Cross-language information retrieval, also known under the abbreviation of CLIR is, like its name suggests, a field or discipline which deals with retrieving information from documents in language(s) other than the language used in the query. So if the user is trying to access information in English language, the CLIR techniques enable him or her to retrieve relevant information in languages other than English. In addition to problems related to information retrieval (IR) itself, this obviously also raises the problem of the question of the query or/and the source of information.

The World Wide Web and Cross-Language Information Retrieval

The world wide web has revolutionised the access to information, making just about everything available within a few seconds. But besides providing easy access to relevant information in a wealth of media, the world wide web also facilitated information retrieval in other languages. But what if the user doesn’t speak the language of the document containing relevant information? Well, this is where the CLIR steps in. But in order to help the user retrieve information in languages other than that of the query or/and document containing the information, it is necessary to determine what the user sees as relevant information.

Computer Vs Human Interpretation of Relevant

The main goal of information retrieval is to help the user access relevant information. For example, if the user is searching for information about the Olympic Games, he or she should be provided access to documents containing this information including in written and spoken word, video, image and other types of media. However, the computer doesn’t know whether the user is interested in the recent Olympic Games or is looking for general information about this sports competition.

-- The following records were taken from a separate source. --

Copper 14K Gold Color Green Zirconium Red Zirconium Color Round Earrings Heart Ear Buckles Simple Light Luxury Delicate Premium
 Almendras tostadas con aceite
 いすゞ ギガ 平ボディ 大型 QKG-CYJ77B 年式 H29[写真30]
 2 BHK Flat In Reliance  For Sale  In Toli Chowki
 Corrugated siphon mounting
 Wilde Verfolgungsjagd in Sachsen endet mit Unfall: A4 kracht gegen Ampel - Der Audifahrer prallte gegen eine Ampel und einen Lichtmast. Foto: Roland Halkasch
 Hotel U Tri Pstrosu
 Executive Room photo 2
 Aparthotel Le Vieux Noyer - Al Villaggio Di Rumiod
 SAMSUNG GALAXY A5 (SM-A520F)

If the event is taking place or is about to take place at the time of the query, the computer will assume that the user is trying to access information about that particular event. But in some instances, the user will need to be more specific in their description or keywords of the query. This is because the computers currently rely on the user’s description or keywords to “decide” what he or she may find relevant and facilitate access to documents containing potentially relevant information.

Traditional Information Retrieval Issues Plus the Language Factor

The CLIR has virtually the same goal as its “parent” discipline or information retrieval. But besides the traditional issues that are encountered in information retrieval, most notably the problem of computer vs human interpretation of what is relevant, the CLIR also has to address the issue of the language. In order to enable the user access relevant information if the document is not in language of their query, the CLIR has to deal with the question of translation technique(s), either of the query or the document.